Given the spot rates for a zero coupon security maturing at time 1 and a zero coupon security maturing at time 2, (where time 1 < time 2), it is possible through bootstrapping, to calculate the forward rate for the period between time 1 and time 2.
Similarly, given the spot volatilities for the period from $t_0$ to $t_1$ ($σ_{t_0,t_1}$) and from $t_0$ to $t_2$ ($σ_{t_0,t_2}$) respectively, it is possible to infer the expected volatility between $t_1$ and $t_2$ ($σ_{ t_1,t_2}$). This is the forward implied volatility (also known as the forward-forward volatility) for the period [$t_1$, $t_2$].

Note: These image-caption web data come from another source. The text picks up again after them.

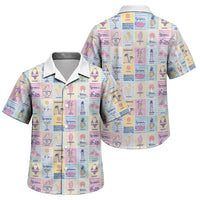 Aloha Summer Posters Grunge Textures Family Matching Off The Shoulder Long Sleeve Dress and Hawaiian Shirt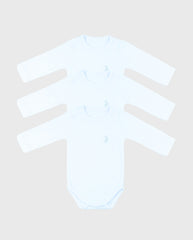 Set 3 Bodys Manga Larga Blanco Unisex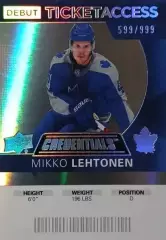 Карточка Микко Лехтонен Toronto Maple Leafs/Торонто, СКА, Северсталь КХЛ/НХЛ/NHL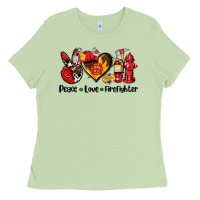 Matcha peace love firefighter Ladies Tee - AdoDesignShop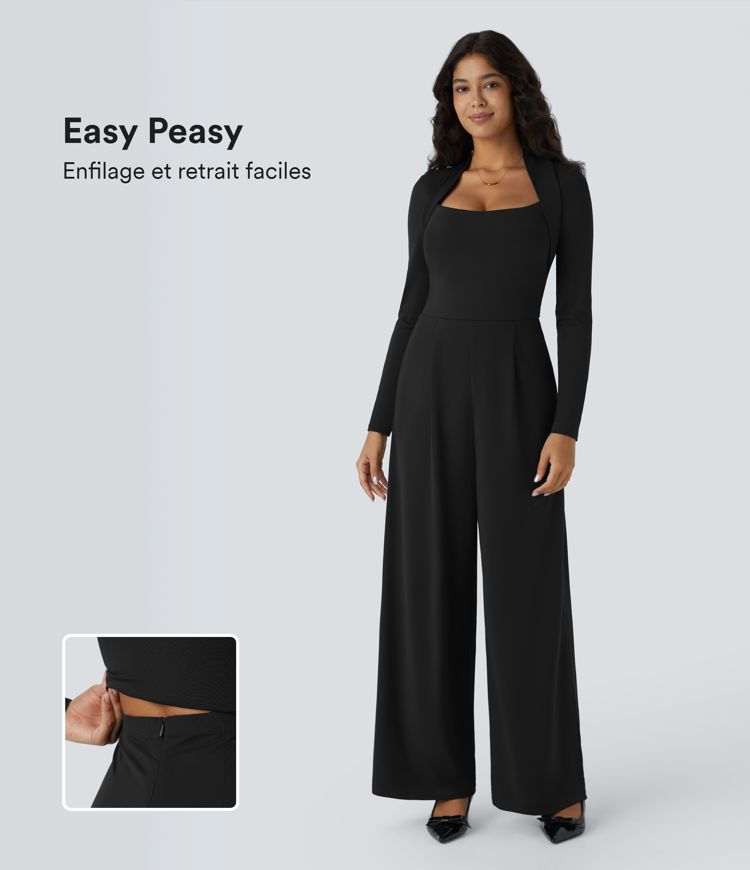 Combinaison de cérémonie à manches longues, coupe large avec poches latérales et zip invisible - Édition Easy Peasy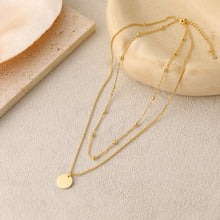 925 Sterling Silver Double Beads Chain Tag Coin Choker Necklace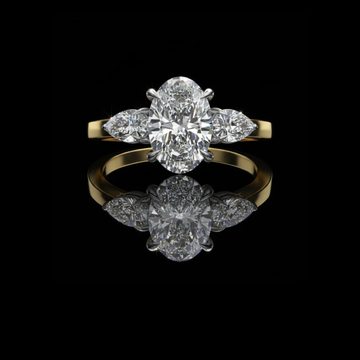 2.50 CT Three Stone Oval Cut Moissanite Diamond Ring with Side Pear Cut Elegance For Still Love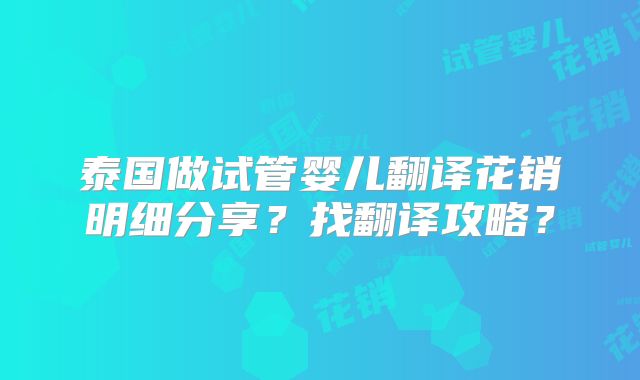 泰国做试管婴儿翻译花销明细分享？找翻译攻略？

In ‘Dynamic Hedging’ Nicholas Nassim Taleb, assuming equal time intervals, presents a formula for computing the annualized forward implied volatility for the period between [$t_0, t_2$], , as follows:
$\sigma^2_{t_0,t_2}=\sigma^2_{t_0,t_1}+\sigma^2_{t_1,t_2}$
If the implied volatility were the volatility of independent log returns the use of the additive property of variance would be clear. Suppose, on the contrary, that the implied volatility were the volatility of the price of a share. How can you justify the additive form?